- Action item
What you return should be exactly the lines from the one containing "A Chinese carved pink tourmaline pendant" down to the final line of the listing, with nothing else.

- Data extract

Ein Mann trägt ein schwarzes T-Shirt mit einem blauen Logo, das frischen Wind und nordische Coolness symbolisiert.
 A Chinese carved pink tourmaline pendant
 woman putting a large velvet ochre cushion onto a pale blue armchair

- Response box
 A Chinese carved pink tourmaline pendant
 woman putting a large velvet ochre cushion onto a pale blue armchair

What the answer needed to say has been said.